Her vague misgivings blossomed into a full-fledged sense of dread that made her think of that horrible cloud face she’d seen in the storm. This wasn’t just a case of nebulous bad vibes but recognition that there was some sort of maleficent, perhaps cosmic, force influencing life here at The Reata. She made the determination then and there that they were going to leave this place immediately.
They’d sleep in their car by the side of the highway if they had to, but they were going to get out of here today. She didn’t know why they had waited this long. They should have left after that first night. But somehow the reality of the unreality here, the urgency of the potential danger, seemed to fade soon after it manifested itself. It was as though she suffered from short-term memory loss or some type of imposed ennui that kept her from acting on what she knew to be right, even kept her from communicating with Lowell about it.

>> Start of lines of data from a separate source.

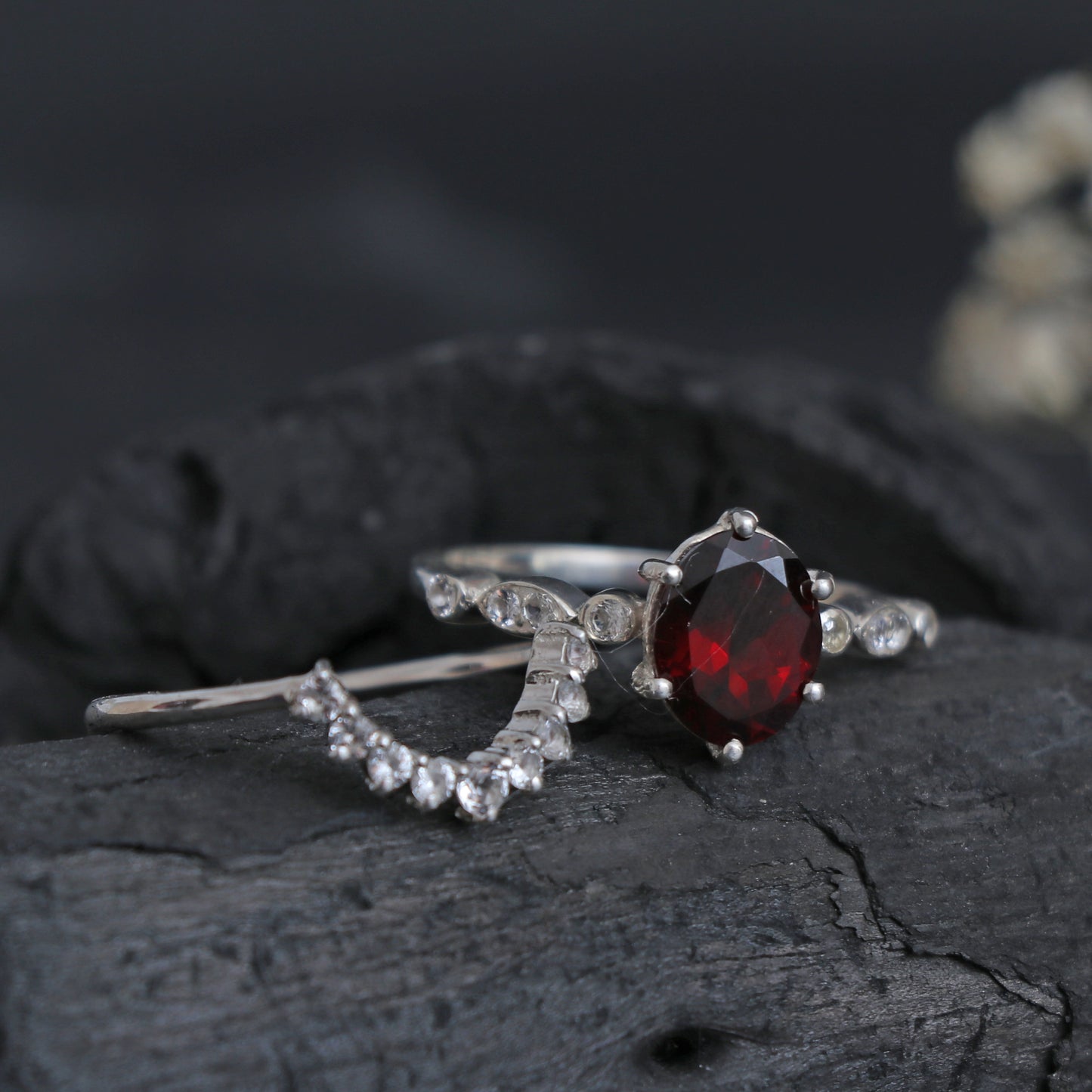 Delicate Garnet Engagement Ring, Natural Garnet Ring For Women-730 PILWALS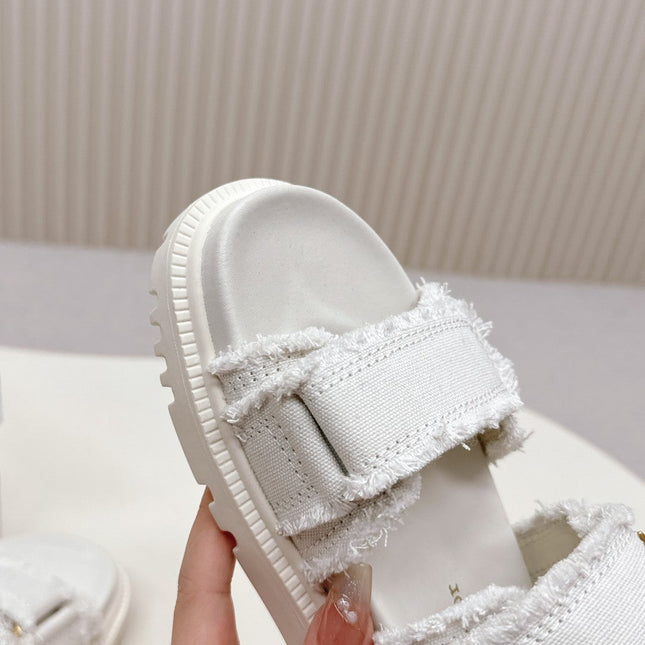 DIOR BACK-STRAP SANDALS 25S IN WHITE DENIM AND CALFSKIN WITH GOLD HARDWARE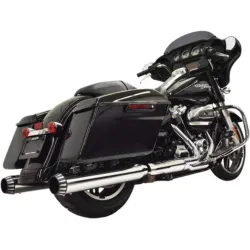 PartzBiz HD 1F72QNT5 - Bassani 4” Quiet DNT Megaphone Slip On Mufflers Exhaust Pipes Harley Touring 17+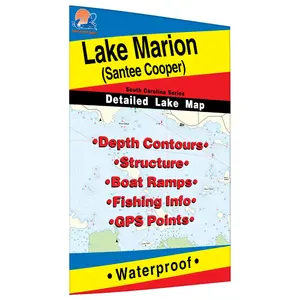 Lake Marion Santee Cooper Detailed Lake Map South Carolina Series Waterproof with Depth Contours Structure Boat Ramps Fishing Info GPS Points
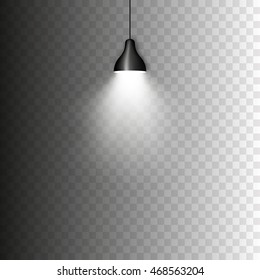 Black ceiling lamp. Vector.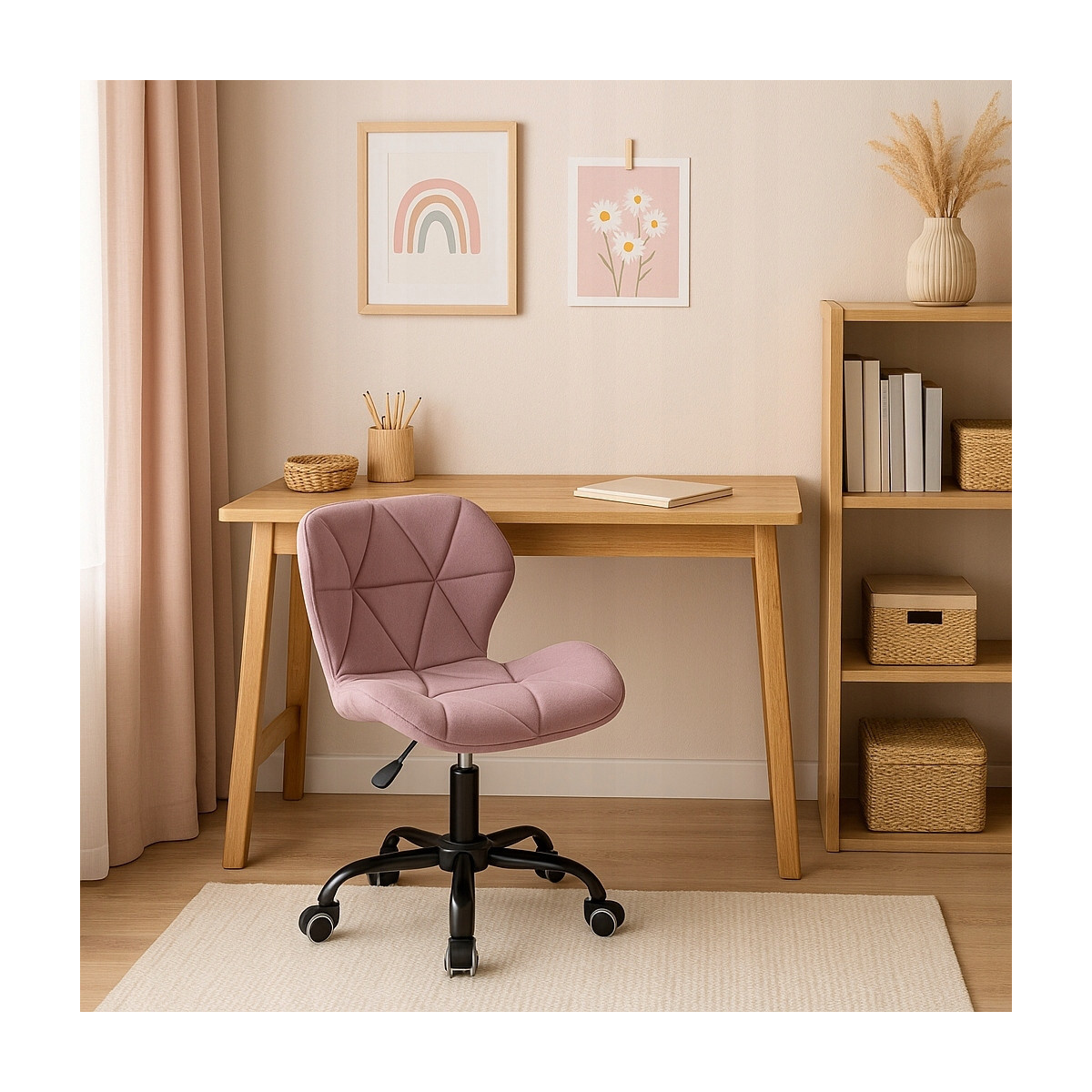 Scaune moderne pentru birou de culoare roz pal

But that wasn’t going to happen this time. She was focused now, she could see clearly, and she wasn’t going to let this place sap her resolve or trick her into staying.
This place.
She realized for the first time The Reata was haunted. She didn’t know why she hadn’t noticed before, but it was true. Although now that she thought about it, “haunted” seemed too weak a word for what was happening here, too limited and specific in its definition. This wasn’t a set of buildings plagued by ghosts but was a location suffused with a corrupting power that influenced everything in its general vicinity.
The woman next to her nudged Rachel’s arm. “He’s the reason we came here,” she confided. “I saw him on the Food Network and thought he was terrific. I even got some of his recipes off their Web site.”
Rachel nodded, smiling. What the hell was she thinking? Cosmic forces? She was letting her imagination run away with her. So there were poison herbs and aphrodisiacs growing in the chef’s garden. So what? Those things had been cultivated for centuries. The Native Americans who had once farmed in this place had probably made use of such plants as they did everything else that grew around them, and if Roland Acuna wanted to have an authentic Southwest garden incorporating as much indigenous vegetation as possible, naturally they would be part of his planting.
“His vegetarian meatloaf is out of this world,” the woman said.
“Let’s keep walking,” the chef announced.
This part of the garden was on a slight downward slope, and they passed single file over two split-log steps embedded in the dirt. To both sides grew some sort of deep green ground cover. “New Zealand spinach,” Roland said. “It’s a little rough if you eat it raw, so I don’t often use it for salads, but it’s delicious when steamed.”